Give back only the lines from the one with "Men's Retro Long Sleeve Lapel Polo Shirt" through the last line of the data, exactly as they appear.

Short web captions:
********

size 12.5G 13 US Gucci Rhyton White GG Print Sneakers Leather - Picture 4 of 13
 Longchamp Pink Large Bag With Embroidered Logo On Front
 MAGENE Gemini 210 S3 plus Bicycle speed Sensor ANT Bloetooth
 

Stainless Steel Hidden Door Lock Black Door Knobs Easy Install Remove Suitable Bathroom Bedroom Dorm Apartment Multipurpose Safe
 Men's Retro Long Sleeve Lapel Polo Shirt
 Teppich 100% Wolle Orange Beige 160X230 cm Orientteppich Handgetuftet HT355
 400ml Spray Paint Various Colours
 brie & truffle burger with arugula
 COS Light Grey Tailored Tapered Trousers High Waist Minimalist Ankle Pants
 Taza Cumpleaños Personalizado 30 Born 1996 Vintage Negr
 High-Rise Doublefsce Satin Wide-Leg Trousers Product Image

********

Exercise result>
 Men's Retro Long Sleeve Lapel Polo Shirt
 Teppich 100% Wolle Orange Beige 160X230 cm Orientteppich Handgetuftet HT355
 400ml Spray Paint Various Colours
 brie & truffle burger with arugula
 COS Light Grey Tailored Tapered Trousers High Waist Minimalist Ankle Pants
 Taza Cumpleaños Personalizado 30 Born 1996 Vintage Negr
 High-Rise Doublefsce Satin Wide-Leg Trousers Product Image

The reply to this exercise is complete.